Summers Says Fed Still ‘Transitory’ on Inflation, Under Surface
(Bloomberg) -- Former Treasury Secretary Lawrence Summers said the Federal Reserve’s pivot this week toward addressing elevated inflation more quickly is insufficient, and that policy makers are acting like they still believe that price gains will slow substantially on their own.
“If you look under the surface, they’re still kind of betting that inflation is heavily transitory,” Summers said on Bloomberg Television’s “Wall Street Week” with David Westin. “Because they’re not really applying restraint to the economy of a magnitude that would be expected to diminish inflation in a very substantial way.”
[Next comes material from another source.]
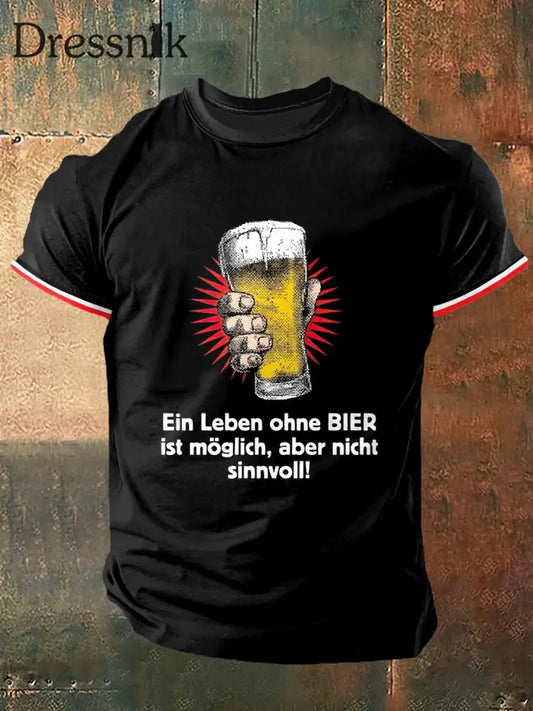 Männer Deutschland Bier Print Vintage Mode Kurzarm T-Shirt Schwarz / S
Summers pointed to forecasts from Fed officials released Wednesday showing the expectation for the unemployment rate to drop to 3.5% with inflation tumbling from multi-decade highs toward the central bank’s 2% target. At the same time, the projections showed policy makers don’t anticipate raising their key interest rate even as high as their long-run estimate of 2.5% for the benchmark.
In their policy statement, Fed officials this week dropped a reference to elevated inflation rates “largely reflecting factors that are expected to be transitory.”
Summers reiterated his own expectation for surging home rental costs to put pressure on inflation into 2022. He also cited a “red-hot labor market” along with prospects for new bottlenecks in supply chains as contributors to price strains.
“I am concerned that we’ve hidden the word ‘transitory’ but we haven’t hidden the concept that inflation is going to solve itself, said Summers, a paid contributor to Bloomberg and a Harvard University professor.
Still, it could be that Wednesday’s shift is part of a step-change by the Fed with further stages coming, the former Treasury chief said.
“There’s a case for making adjustments gradually, and it may be that this is the first stage in what will be several adjustments” in the Fed’s outlook and policy plans, Summers said. With financial markets not even pricing in the amount of policy tightening that the Fed now anticipates, “it’s a complicated situation,” he said.
As for the stalling of President Joe Biden’s signature tax-and-spending plan in Congress this week, Summers said he’s hopeful that an improved version will result in the end. It would be “very, very unfortunate and would set our economy back” if a package that includes expanded child tax credits, green investments, pre-kindergarten education and child-care assistance isn’t enacted, he said.